Heaps of trash littered the floor of that old, boarded-up house on Stewart and Telegraph streets a few weeks ago.
Books on how to overthrow the government were stacked on top of old photographs, license plates and empty bottles of tequila. Condiments and rotted eggs still lined the refrigerator, likely festering for more than a year.
"This is pretty much what the whole house looked like," said Chris Pace, a firefighter and paramedic who was spending a weekday in March gutting the home, using a wheelbarrow to haul out the junk. "Just trashed."
That house on the eastern edge of the Carson Nugget parking lot used to be cleaner and had owners who cared for the property. Today, it's been largely forgotten, turned into a quirky landmark for the thousands of daily commuters on Stewart Street.
Its days are also numbered.
The Carson Nugget bought the house in July and donated it to the fire department to practice its search and rescue procedures. On Wednesday, the department is expected to set fire to the house at 314 E. Telegraph St., and then raze it to make way for the proposed City Center project behind the casino.
The hold-outs
For years the Carson Nugget tried to buy the property from Joseph Righi, but as long as he was alive that wasn't going to happen.
Righi, an Italian immigrant and World War I veteran who lived in the house with his wife, Virginia, for decades, had worked as a casino worker throughout the region before his death in 1985 at the age of 87.
"He wouldn't sell to the Nugget because he didn't like the Nugget," said Carson City Recorder Alan Glover, who got to know Righi when he'd pass the house while walking to the bank many years ago. "He didn't want much out of life, a new fishing pole. That's all he cared about in life."
Star Anderson, the general manager of the casino, said she's heard stories of the Adams family, the former owners of the Nugget, feuding with Righi over the years. He'd hold out for more money, but never got the offer he wanted.
"It became a tug of wills," she said.
The ownership of the house eventually changed after Virginia died in 1990. The Righis willed the house to their friends, Ted and Edna Workman, who run Workman Farms in Fallon.
Edna Workman, 73, said in a recent phone interview that she and her husband befriended the Righis in the 1970s when Joseph approached them about hunting on their rural property.
"He was a hunter," Workman said. "The doctor told him he had to hunt and fish to eat that stuff to keep him alive. Basically it was just to get him out of the house to do something."
The Workmans obliged. So as Joseph scoured their fields for birds to shoot, Edna would share cups of coffee with Virginia inside her Fallon home. Over the years their friendship grew.

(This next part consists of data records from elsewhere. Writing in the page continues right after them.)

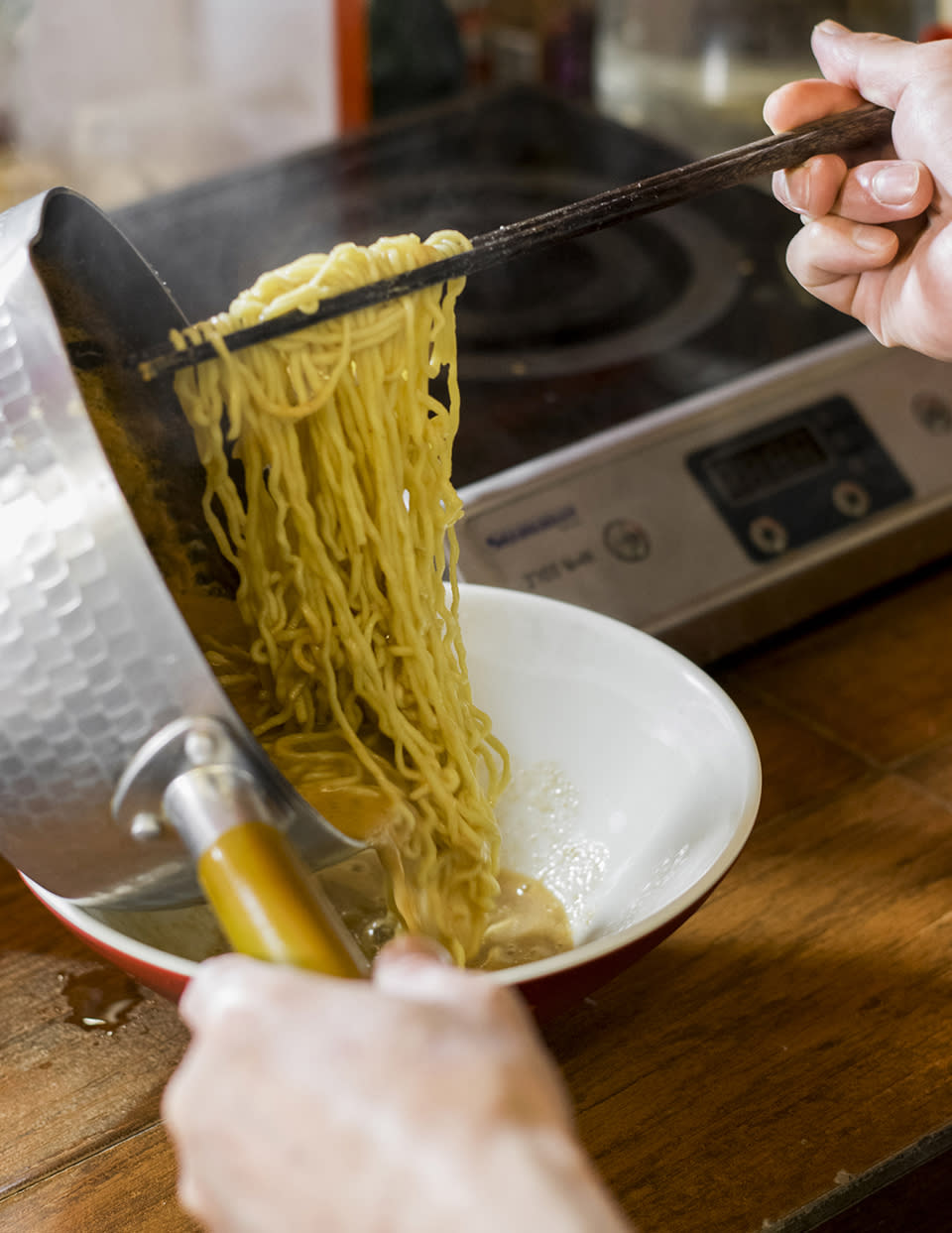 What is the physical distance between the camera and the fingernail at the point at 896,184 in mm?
785

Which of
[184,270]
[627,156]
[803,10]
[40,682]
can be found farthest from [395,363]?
[803,10]

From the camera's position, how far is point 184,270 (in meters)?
1.12

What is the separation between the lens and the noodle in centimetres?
63

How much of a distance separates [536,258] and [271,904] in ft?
2.81

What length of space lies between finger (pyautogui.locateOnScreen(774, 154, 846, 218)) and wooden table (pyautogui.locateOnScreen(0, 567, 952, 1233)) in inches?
13.9

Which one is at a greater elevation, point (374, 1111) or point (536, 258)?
point (374, 1111)

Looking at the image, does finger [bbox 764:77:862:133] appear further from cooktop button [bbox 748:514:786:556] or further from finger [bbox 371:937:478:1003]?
finger [bbox 371:937:478:1003]

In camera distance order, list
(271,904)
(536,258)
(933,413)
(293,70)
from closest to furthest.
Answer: (271,904) → (933,413) → (536,258) → (293,70)

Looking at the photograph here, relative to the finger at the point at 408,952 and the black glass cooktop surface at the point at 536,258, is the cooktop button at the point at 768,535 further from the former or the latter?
the finger at the point at 408,952

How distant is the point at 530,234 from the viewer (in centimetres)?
59

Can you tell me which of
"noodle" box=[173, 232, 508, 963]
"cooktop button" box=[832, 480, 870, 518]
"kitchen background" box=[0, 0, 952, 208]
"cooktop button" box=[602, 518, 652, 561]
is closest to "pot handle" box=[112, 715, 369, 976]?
"noodle" box=[173, 232, 508, 963]

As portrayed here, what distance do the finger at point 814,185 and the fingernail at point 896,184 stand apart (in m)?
0.03

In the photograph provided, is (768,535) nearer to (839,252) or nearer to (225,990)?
(839,252)

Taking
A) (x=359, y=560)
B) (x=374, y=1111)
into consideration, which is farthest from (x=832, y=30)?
(x=374, y=1111) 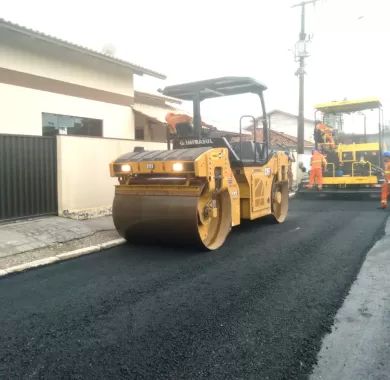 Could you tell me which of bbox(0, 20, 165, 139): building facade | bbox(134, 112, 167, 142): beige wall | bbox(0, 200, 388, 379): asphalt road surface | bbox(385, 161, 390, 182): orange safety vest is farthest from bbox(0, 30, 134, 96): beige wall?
bbox(385, 161, 390, 182): orange safety vest

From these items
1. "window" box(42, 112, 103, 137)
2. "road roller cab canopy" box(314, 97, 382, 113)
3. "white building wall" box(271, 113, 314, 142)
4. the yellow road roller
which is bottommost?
the yellow road roller

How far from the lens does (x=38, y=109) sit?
1015 cm

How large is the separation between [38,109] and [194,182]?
18.9ft

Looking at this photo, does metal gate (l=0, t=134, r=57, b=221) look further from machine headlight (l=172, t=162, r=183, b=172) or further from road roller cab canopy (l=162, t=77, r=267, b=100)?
machine headlight (l=172, t=162, r=183, b=172)

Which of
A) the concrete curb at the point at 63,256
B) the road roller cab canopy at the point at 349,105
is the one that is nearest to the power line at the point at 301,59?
the road roller cab canopy at the point at 349,105

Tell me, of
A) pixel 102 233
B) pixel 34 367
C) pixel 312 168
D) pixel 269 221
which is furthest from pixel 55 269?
pixel 312 168

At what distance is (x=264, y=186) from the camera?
789 cm

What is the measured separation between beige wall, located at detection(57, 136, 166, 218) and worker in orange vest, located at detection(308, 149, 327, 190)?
19.6ft

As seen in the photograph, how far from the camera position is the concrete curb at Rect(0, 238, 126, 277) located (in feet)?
17.5

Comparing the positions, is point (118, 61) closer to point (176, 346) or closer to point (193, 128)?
point (193, 128)

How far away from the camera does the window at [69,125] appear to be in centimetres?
1051

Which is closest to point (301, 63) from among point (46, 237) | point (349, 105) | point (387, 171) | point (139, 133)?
point (349, 105)

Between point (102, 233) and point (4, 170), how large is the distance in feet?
6.71

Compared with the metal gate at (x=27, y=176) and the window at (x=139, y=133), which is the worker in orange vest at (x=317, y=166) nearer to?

"We invited them over for Thanksgiving dinner and Christmas dinner for years until he broke his hip and had to go to the old folks home," Workman said.
The Righis always had big dogs, usually overfed, and Virginia would make candy in one of the backrooms of their home. Joseph loved to make picon punch whenever company arrived.
"They were characters," Workman said.
She said she didn't know when the Righis came to Carson City, but said they may have been the original occupants of the home on Stewart and Telegraph streets. And despite the repeated attempts by the Carson Nugget to buy it, "He didn't sell out," she said.
In the years following Virginia's death, the Workmans lost contact with the house. They rented it out to two college students for five or so years after they promised to maintain the home in exchange for cheap rent.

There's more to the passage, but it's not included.